I didn't know whether or not his superiors would let the kidnappers out; I only knew that Enrico couldn't. It was indeed a matter for the top brass.

'I think I'll go back to the Villa Francese,' I said.

'But why?'

'I'm not needed here, but there… I might be.' I paused fractionally. 'But I came from there in this van. How, at this time of night, can I get a car to take me back there quietly?'

He looked vaguely at the official cars outside, and I shook my head. 'Not one of those.'

'Still the anonymity…?'

'Yes,' I said.

He wrote a card for me and gave me directions.

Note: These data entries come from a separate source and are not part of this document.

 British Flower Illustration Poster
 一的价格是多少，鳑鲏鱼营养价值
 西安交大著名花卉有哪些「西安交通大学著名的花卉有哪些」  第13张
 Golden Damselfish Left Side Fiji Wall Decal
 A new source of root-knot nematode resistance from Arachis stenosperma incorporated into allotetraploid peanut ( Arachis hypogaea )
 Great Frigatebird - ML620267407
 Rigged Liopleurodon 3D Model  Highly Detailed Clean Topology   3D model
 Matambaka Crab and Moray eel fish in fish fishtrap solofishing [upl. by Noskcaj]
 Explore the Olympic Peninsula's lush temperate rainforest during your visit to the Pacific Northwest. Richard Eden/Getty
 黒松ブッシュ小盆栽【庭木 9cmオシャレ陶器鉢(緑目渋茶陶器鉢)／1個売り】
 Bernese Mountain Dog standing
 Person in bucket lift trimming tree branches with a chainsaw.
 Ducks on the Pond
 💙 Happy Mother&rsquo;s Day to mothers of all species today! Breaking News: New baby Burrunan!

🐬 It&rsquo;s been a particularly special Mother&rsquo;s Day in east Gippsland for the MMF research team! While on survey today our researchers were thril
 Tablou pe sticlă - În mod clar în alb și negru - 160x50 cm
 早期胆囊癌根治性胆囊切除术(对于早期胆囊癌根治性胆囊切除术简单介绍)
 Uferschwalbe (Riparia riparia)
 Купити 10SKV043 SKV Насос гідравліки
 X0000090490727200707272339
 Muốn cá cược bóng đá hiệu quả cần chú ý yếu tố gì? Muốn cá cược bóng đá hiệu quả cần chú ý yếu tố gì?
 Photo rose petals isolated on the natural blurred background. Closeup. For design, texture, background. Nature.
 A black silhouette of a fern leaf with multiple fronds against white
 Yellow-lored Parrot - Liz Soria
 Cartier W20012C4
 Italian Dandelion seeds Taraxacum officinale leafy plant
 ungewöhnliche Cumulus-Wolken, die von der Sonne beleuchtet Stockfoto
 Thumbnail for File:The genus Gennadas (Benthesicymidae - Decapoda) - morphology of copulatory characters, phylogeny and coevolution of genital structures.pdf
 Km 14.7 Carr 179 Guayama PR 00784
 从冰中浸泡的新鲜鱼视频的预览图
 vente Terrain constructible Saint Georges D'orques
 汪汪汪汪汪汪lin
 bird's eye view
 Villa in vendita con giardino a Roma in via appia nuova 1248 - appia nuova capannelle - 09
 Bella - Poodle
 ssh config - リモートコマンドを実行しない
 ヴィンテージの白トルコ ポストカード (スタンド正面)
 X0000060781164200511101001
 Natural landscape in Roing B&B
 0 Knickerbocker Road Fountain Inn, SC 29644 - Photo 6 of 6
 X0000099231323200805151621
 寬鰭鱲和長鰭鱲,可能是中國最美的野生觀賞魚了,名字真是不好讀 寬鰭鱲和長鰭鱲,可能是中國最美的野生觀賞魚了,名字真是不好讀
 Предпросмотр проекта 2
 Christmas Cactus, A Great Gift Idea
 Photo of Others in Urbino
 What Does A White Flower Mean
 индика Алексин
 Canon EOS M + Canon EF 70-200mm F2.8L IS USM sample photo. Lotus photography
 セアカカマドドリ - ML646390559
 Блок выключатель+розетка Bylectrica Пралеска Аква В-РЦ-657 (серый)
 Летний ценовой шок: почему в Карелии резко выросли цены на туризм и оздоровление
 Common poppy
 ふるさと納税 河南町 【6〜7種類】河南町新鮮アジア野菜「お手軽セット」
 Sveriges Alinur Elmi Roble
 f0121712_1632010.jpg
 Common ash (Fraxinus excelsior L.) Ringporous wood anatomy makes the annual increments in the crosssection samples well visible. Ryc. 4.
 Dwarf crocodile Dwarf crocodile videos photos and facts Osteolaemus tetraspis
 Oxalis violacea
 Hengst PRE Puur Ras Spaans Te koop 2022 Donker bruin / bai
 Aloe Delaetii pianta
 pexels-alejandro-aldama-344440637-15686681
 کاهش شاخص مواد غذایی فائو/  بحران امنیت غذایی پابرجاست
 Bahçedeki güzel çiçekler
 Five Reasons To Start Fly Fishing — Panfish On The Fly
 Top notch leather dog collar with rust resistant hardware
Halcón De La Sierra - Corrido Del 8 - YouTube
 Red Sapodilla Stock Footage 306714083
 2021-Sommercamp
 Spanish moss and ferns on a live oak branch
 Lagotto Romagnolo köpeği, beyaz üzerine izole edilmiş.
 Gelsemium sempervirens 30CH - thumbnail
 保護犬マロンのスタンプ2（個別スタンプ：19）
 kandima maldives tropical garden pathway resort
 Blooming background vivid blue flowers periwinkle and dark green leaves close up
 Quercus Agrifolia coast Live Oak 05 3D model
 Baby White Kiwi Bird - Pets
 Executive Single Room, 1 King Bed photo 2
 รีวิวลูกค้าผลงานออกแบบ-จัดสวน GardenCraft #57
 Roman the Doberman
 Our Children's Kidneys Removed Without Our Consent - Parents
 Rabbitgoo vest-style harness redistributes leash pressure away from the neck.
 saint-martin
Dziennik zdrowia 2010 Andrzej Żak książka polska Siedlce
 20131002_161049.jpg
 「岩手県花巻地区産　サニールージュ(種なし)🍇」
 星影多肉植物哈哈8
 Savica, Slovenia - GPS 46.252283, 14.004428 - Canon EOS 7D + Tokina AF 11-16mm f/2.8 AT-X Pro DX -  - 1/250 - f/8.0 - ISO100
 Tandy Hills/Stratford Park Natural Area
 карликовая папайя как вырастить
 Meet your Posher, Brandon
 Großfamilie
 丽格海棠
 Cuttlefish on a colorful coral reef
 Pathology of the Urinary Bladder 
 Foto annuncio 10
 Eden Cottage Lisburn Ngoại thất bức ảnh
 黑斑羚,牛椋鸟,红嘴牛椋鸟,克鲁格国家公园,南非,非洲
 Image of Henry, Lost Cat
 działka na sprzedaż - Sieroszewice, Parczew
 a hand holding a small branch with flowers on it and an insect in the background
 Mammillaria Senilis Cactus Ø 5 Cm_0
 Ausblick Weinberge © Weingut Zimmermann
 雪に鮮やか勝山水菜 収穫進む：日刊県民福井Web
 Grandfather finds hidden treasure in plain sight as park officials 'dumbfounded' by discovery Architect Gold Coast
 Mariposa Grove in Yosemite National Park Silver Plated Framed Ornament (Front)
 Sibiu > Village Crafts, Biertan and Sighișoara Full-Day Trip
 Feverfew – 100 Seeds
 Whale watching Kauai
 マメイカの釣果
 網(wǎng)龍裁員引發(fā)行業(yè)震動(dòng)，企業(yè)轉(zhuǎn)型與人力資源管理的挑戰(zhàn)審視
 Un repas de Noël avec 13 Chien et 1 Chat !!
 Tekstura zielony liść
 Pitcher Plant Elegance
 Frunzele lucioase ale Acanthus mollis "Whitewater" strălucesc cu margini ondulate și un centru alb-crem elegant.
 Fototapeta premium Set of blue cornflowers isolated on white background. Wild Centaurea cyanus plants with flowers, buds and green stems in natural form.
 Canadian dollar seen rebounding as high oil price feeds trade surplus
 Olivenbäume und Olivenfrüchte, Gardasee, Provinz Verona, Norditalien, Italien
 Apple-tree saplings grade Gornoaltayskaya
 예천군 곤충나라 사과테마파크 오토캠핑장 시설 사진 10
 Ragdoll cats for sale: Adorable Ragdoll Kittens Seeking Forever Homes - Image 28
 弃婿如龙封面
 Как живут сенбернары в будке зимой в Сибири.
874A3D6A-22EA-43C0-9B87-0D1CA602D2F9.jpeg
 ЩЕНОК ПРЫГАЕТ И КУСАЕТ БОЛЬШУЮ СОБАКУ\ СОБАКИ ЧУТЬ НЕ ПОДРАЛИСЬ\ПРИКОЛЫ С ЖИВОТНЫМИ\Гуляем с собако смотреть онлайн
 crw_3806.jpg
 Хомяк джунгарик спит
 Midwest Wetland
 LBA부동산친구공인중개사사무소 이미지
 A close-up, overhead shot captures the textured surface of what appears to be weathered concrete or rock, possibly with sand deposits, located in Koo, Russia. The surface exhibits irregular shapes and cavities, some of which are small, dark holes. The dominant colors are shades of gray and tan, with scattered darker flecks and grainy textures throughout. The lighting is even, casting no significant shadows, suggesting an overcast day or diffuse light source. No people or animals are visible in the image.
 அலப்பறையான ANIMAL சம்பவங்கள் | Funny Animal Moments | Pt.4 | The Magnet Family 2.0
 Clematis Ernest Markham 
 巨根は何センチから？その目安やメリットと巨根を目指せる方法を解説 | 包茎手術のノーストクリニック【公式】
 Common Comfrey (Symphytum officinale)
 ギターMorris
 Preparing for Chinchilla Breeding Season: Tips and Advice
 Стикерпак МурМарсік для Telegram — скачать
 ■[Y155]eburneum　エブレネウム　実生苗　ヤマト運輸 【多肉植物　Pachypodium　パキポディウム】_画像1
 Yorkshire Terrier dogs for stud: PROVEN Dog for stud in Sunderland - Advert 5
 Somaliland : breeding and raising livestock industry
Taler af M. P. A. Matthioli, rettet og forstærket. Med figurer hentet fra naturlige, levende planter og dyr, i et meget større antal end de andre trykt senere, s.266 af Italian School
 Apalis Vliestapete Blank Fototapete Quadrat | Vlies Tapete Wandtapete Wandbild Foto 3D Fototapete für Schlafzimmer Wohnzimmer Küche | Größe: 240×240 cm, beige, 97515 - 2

'All-night taxi, mostly for late drunks and unfaithful husbands. If he is not there, just wait.'

I let myself out through the cab, through the door on the dark side, away from the noisy, brightly-lit embroilment in the street, edging round behind the gawpers, disentangling myself from the public scene, heading for the unremarked shadows, my most normal sphere of work.

With one corner behind me the visible nightmare faded, and I walked fast through the sleeping summer streets, even my shoes, from long custom, making no clatter in the quiet. The taxi address lay beyond the far side of the old main square, and I found myself slowing briefly there, awed by the atmosphere of the place.

Somewhere in or near that aged city a helpless young woman faced her most dangerous night, and it seemed to me that the towering walls, with their smooth closed faces, embodied all the secrecy, the inimity and the implacability of those who held her.